Chancellor Philip Hammond today remained determined to plough ahead with his increase to National Insurance for self-employed people despite coming under pressure.

He was visiting Birmingham to promote the £394 million Midlands Engine investment he had announced in yesterday’s budget - including funding for apprenticeship training schemes.

It was his increase in National Insurance Contributions for the self-employed which had dominated the day’s headlines - with growing calls from Conservative MPs for the proposal, which was explicitly ruled out in the Conservative's 2015 election manifesto, to be dropped.

There were few, if any, signs of pressure as he met business leaders, the Conservative mayoral candidate Andy Street and viewed the construction site of the Three Snowhill office block.

And he issued a strong defence of his position arguing that the increase is about fairness and suggested some people are simply self-employed to benefit from artificial tax advantages.

Mr Hammond said: “We are big supporters of enterprise, of innovation and of self employment where that is the right approach and people should have choices about how they work.

Andy Street with Chancellor Philip Hammond

“But those choices should not be driven by artificial tax advantages that actually sometimes encourage or force people to do things in a structure that is not really the optimum structure for what they are doing.”

He said the gap in welfare and pension benefits between employed and self-employed people had closed dramatically in recent years, especially as state-pensions are available to the self-employed since last year.

“So we do have to ask self-employed people on higher incomes to put a little more into the pot. It’s nothing like the amount of employed people, but it’s a little more towards the pensions they enjoy and the health services they use.

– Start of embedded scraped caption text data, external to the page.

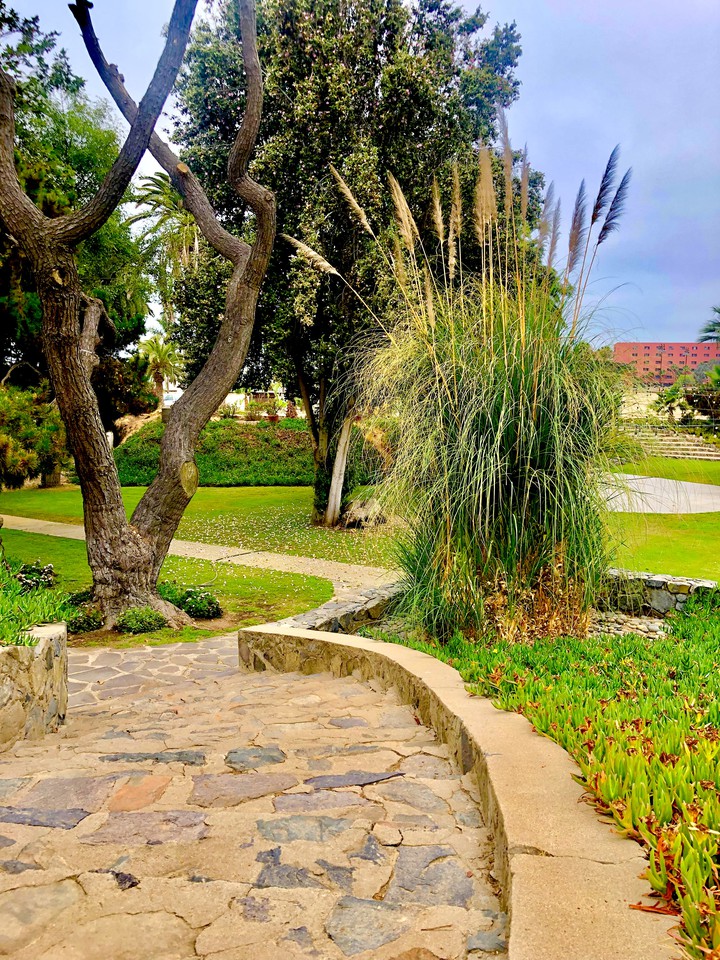 Quinta Papagayo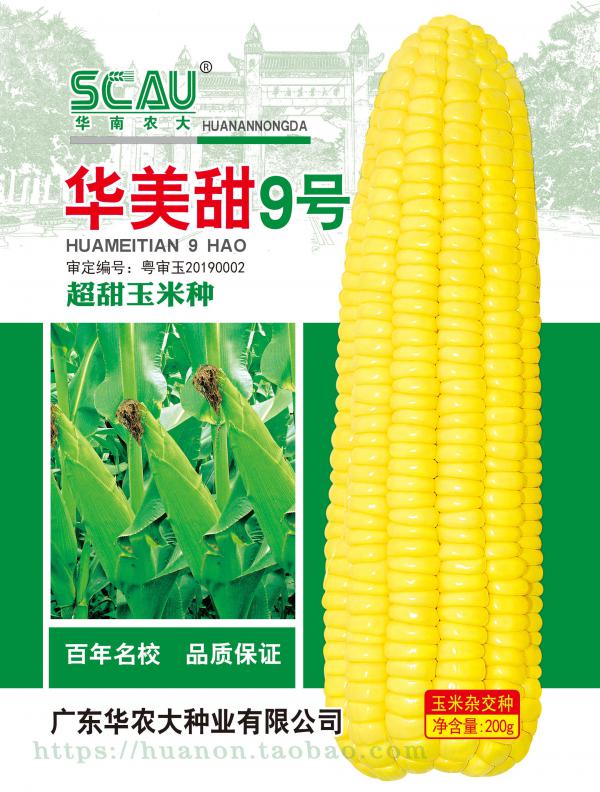 华南农业大学华美甜9号大棒高产杂交甜玉米种子200克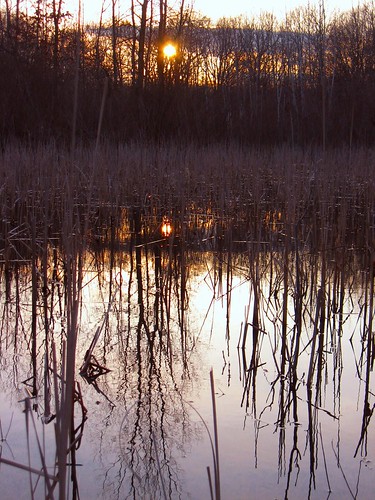 park sunset spring cmu mtpleasant easternnorthamericanature vietswoods veitswoods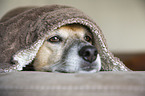 Mongrel portrait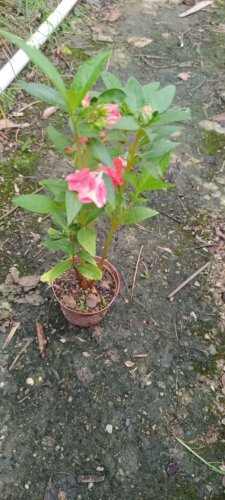 有花蕾凤仙花指甲花鲜活盆栽 货到死苗免费补发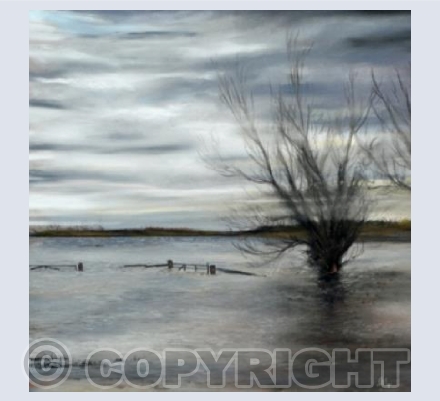 Flooded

“After all when they turn up to A&E department nobody asks if you’re self-employed or employed. Everybody gets treated the same and everybody has to contribute.”

Chancellor Philip Hammond

Although he did not directly rule out a U-turn when asked he said: “This is a basic issue of fairness. Yesterday addressed an unfairness in the system. Nobody likes being taxed more that’s obvious. But when people sit down and think about it quietly and calmly if think they will realise it is fair that they contribute to the services they are using and the benefits they are receiving.”

The move has not been widely welcomed. Labour’s West Midlands Mayor candidate Sion Simon said; “Many of the 146,000 self-employed people in the West Midlands will see yesterday’s budget for what it is: an attack on the self employed.”